Information shown:

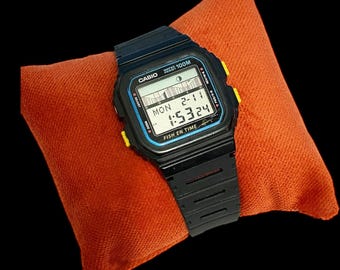 Vintage Casio 106 H-101 Marlin SS Digital Men's Watch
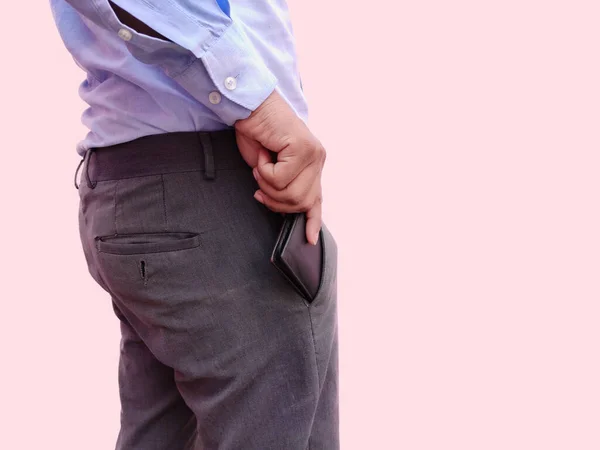 Gros plan homme gardant son argent de portefeuille dans la poche avant du pantalon. fond d'écran blanc — Photo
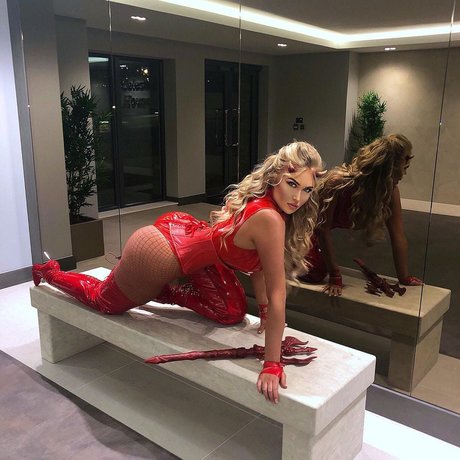 Sophieoneill Sophie exclusive actress img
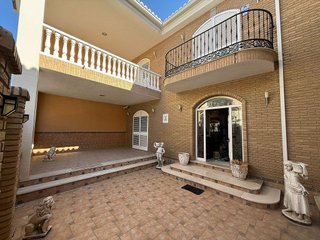 Casa en venta en Vilamarxant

What you have to do:
Nothing but the lines from the one that holds "Gros plan homme" through the end of the data should appear, written out exactly, without pictures.

Response to the exercise:
 Gros plan homme gardant son argent de portefeuille dans la poche avant du pantalon. fond d'écran blanc — Photo
 Sophieoneill Sophie exclusive actress img
 Casa en venta en Vilamarxant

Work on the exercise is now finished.